* WHAT THE EXERCISE ASKS *
Using the records below, reproduce exactly the lines from the one containing "Main Level - Slab on Grade" through the end, and nothing more; skip the images.

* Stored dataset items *
——————————

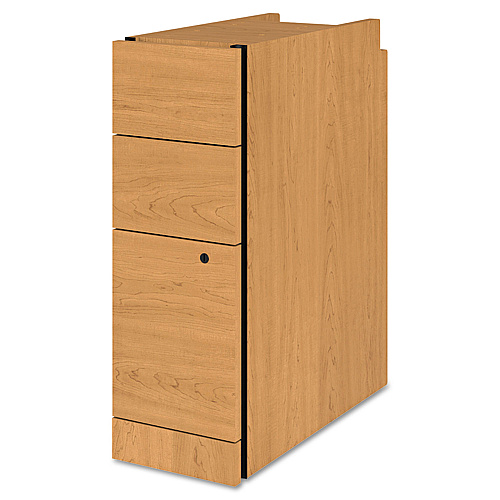 HON Narrow Pedestal, Left or Right, 3-Drawers: Box/Box/File, Legal/Letter, Harvest, 9.5" x 22.75" x 28" (105093C)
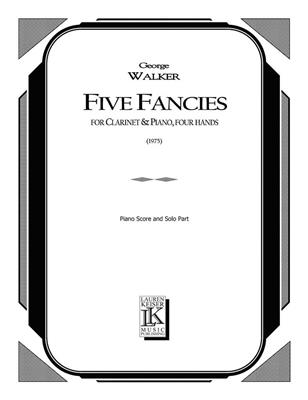 George Walker: Five Fancies: Klarinette mit Begleitung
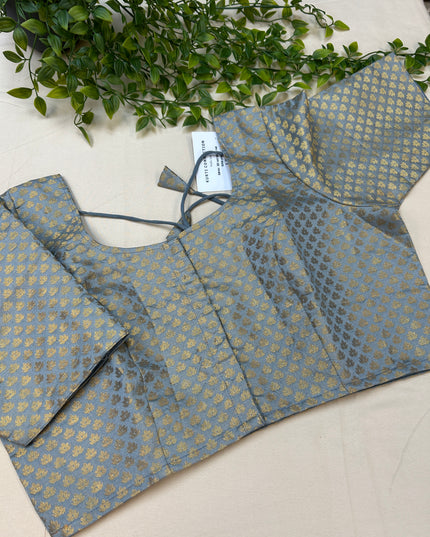 Grey Gold plus size blouse - Kurti Connection USA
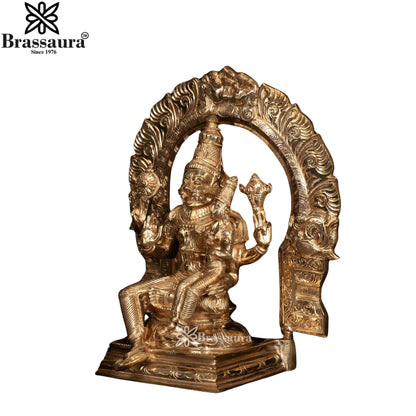 Bronze Narshimha Statue For Home Decor And Gift Items Weight 8.1 Kg And Height 12.5 Inches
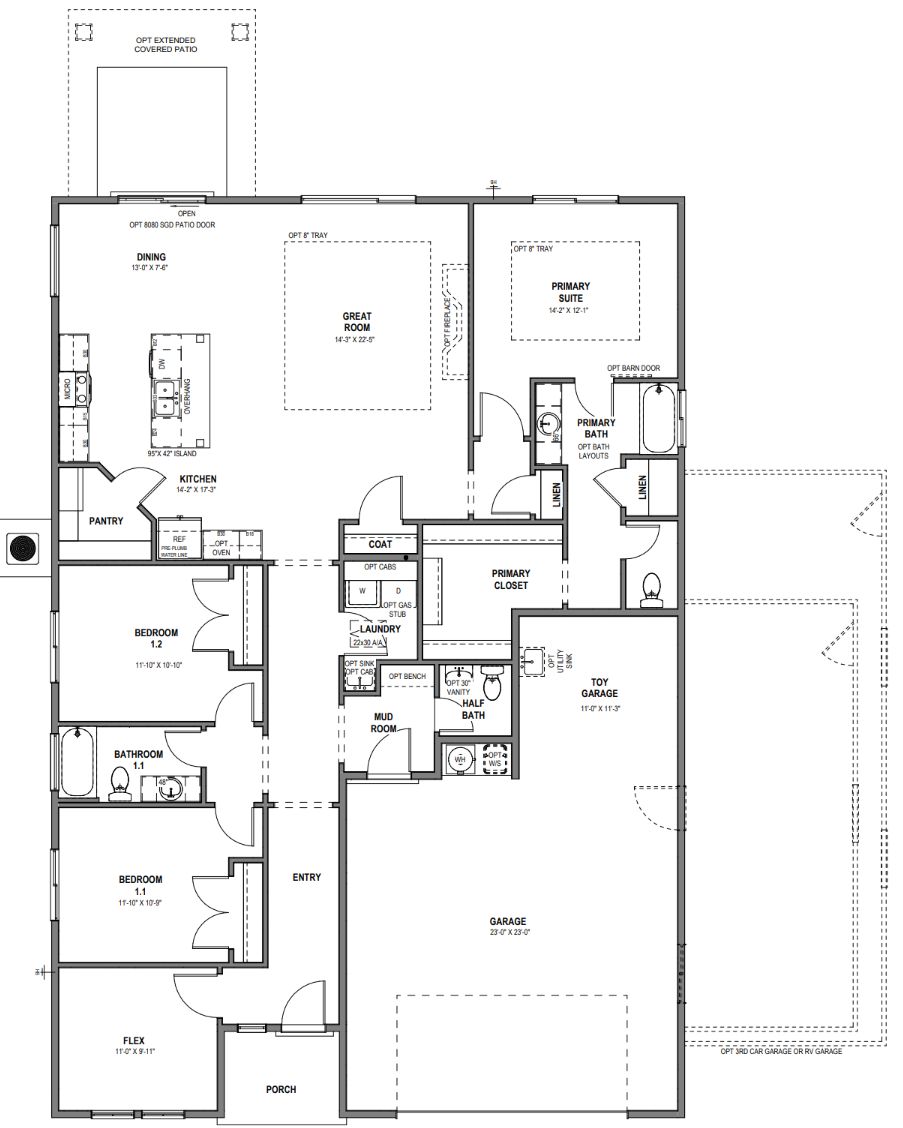 Main Level - Slab on Grade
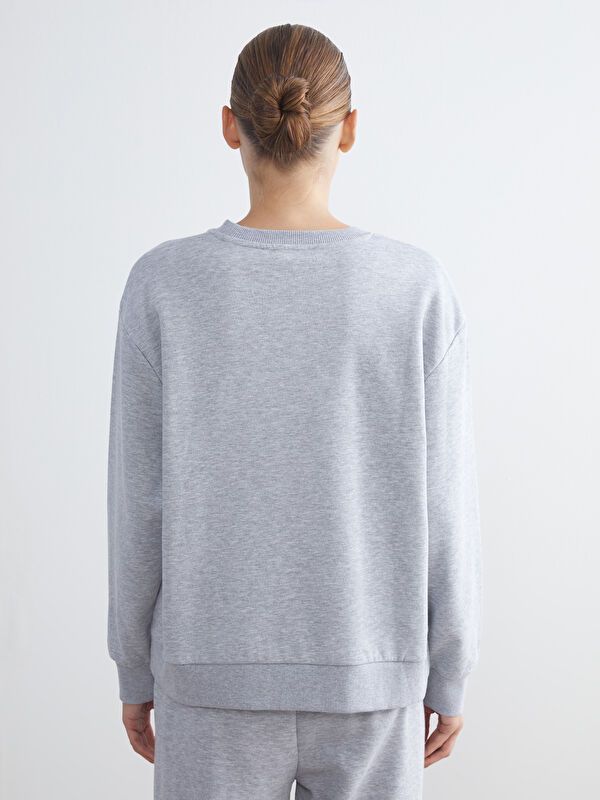 Moudda LC Waikiki - Sweatshirt jersey Femme Mélange de gris - Tunisie 4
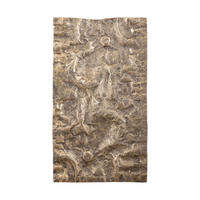 WANDPANEEL Eogan Gold 50/5/90cm - Goldfarben, Metall (5/90/50cm) - PTMD Collection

——————————

* ANSWER BOX *
 Main Level - Slab on Grade
 Moudda LC Waikiki - Sweatshirt jersey Femme Mélange de gris - Tunisie 4
 WANDPANEEL Eogan Gold 50/5/90cm - Goldfarben, Metall (5/90/50cm) - PTMD Collection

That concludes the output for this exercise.